Pakar Marketing dan Managing Partner Inventure Yuswohady mengatakan, pedagang offline termasuk di Tanah Abang mau tidak mau harus mengikuti tren. Salah satu promosi yang sedang populer yakni berjualan secara live streaming.
“Kalau tidak adopsi social commerce, dia (pedagang) akan mati. Harus hybrid, antara offline dan online,” kata Yuswohady dalam acara Polemik bertajuk ‘Nasib UMKM di Tengah Gemerlap Social Commerce’, Sabtu (16/9).
Saat berjualan online, ada beberapa hal yang perlu diperhatikan oleh pedagang, di antaranya:
- Kualitas
- Harga
- Nilai produk
- Algoritme aplikasi
Algoritme disusun oleh platform seperti Shopee, TikTok, Tokopedia, Lazada dan lainnya. “Kita (pedagang) tidak bisa mengatur. Sementara algoritme memengaruhi mana yang diuntungkan dan dirugikan,” ujar Yuswohady.
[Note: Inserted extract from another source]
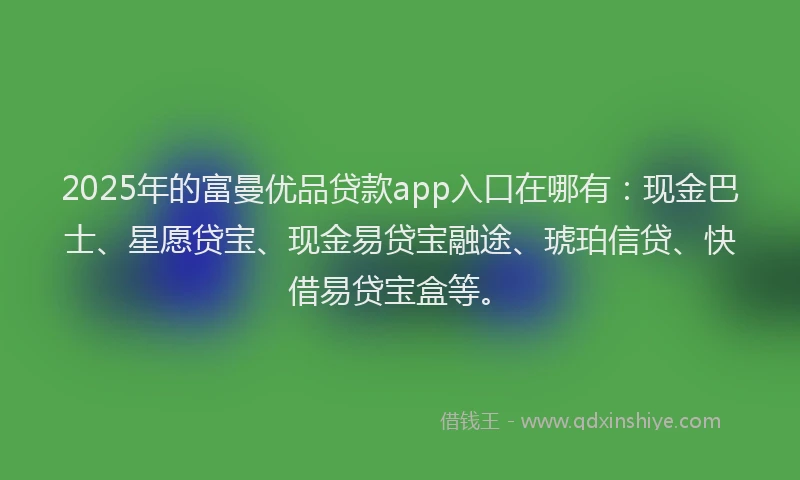 2025年的富曼优品贷款app入口在哪有：现金巴士、星愿贷宝、现金易贷宝融途、琥珀信贷、快借易贷宝盒等。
Untung dan rugi yang dimaksud yakni bagaimana algoritme membuat live streaming atau produk pedagang muncul di halaman depan platform. Dengan begitu, lebih mudah dilihat oleh konsumen.
Oleh karena itu, pemerintah perlu mengatur platform digital seperti Shopee, TikTok, Lazada hingga Tokopedia dalam menggunakan algoritme supaya tidak merugikan UMKM.
Dari sisi pedagang, ada beberapa hal yang bisa dilakukan untuk meningkatkan visibilitas toko dan produk di platform e-commerce dan social commerce, di antaranya:
- Membangun keterikatan dengan konsumen guna meningkatkan jumlah pengikut toko di platform e-commerce dan social commerce
- Penjual harus dikenal warganet
- Membangun brand
“Pemerintah harus memberikan pelatihan kepada pedagang di Tanah Abang supaya bisa berjualan di platform e-commerce dan social commerce dalam skala yang lebih besar,” ujarnya.
Sementara Peneliti Institute for Development of Economics dan Finance atau INDEF Nailul Huda menyampaikan, ada beberapa hal yang membuat live streaming pedagang Tanah Abang di platform e-commerce dan social commerce sepi penonton, yakni:
- Penjual Tanah Abang merupakan reseller, yang mencari untung dengan mengenakan harga lebih tinggi ketimbang tingkat produsen. Sementara produsen juga melakukan live streaming, dengan harga lebih murah ketimbang reseller.
- Reseller yang menjual produk impor dari Cina relatif banyak di platform e-commerce dan social commerce. Harga yang dijual lebih murah.
Oleh karena itu, menurutnya pemerintah perlu mengatur masuknya barang impor. Selain itu, bisa meniru cara India mengatur produsen yang ingin berjualan langsung di platform e-commerce dan social commerce.
Sementara Menteri Koperasi dan UKM Teten Masduki menilai UMKM Indonesia tak didukung rantai pasok yang mumpuni dan berbasis teknologi. Padahal seingatnya, Presiden Joko Widodo atau Jokowi sudah lama mengingatkan kementerian dan swasta untuk mengadopsi teknologi seperti kecerdasan buatan alias artificial intelligence (AI) dan Internet of Things (IoT) guna menggenjot produksi.
“Tidak ada yang mewujudkan bagaimana teknologi digital diaplikasikan ke sistem produksi nasional, industri manufaktur, pertanian, agro maritim, kesehatan dan lainnya,” ujar Teten kepada Katadata.co.id, Sabtu (16/9).
Alhasil, produksi nasional kalah dibandingkan produk impor yang lebih murah karena produksinya lebih efisien dan berkualitas.
“Akibatnya transformasi digital di Indonesia tidak melahirkan ekonomi baru, hanya membunuh ekonomi lama. Kue ekonomi tidak bertambah, tapi faktor pembaginya semakin banyak,” Teten menambahkan.
Ia mencontohkan pasar offline seperti Tanah Abang. Pedagang di pasar ini ikut berjualan online, tetapi tetap kalah dengan produk impor. “Hampir 80% penjual di platform online menjual produk impor, terutama dari Cina,” ujar dia.
Terlebih lagi, perekonomian Cina sedang melemah. Ia menduga produksi barang konsumsi yang kelebihan pasokan di Tiongkok, mulai dijual ke ASEAN.
“Indonesia pasarnya besar dan hampir separuh populasi masuk ke e-commerce,” kata Teten. Belum lagi, tarif bea masuk dinilai terlalu murah.
“Babak belur kita,” Teten menambahkan. “Jangankan UMKM, produk industri manufaktur pun tidak bisa bersaing, terutama produk garmen, kosmetik, sepatu olahraga, farmasi dan lainnya.”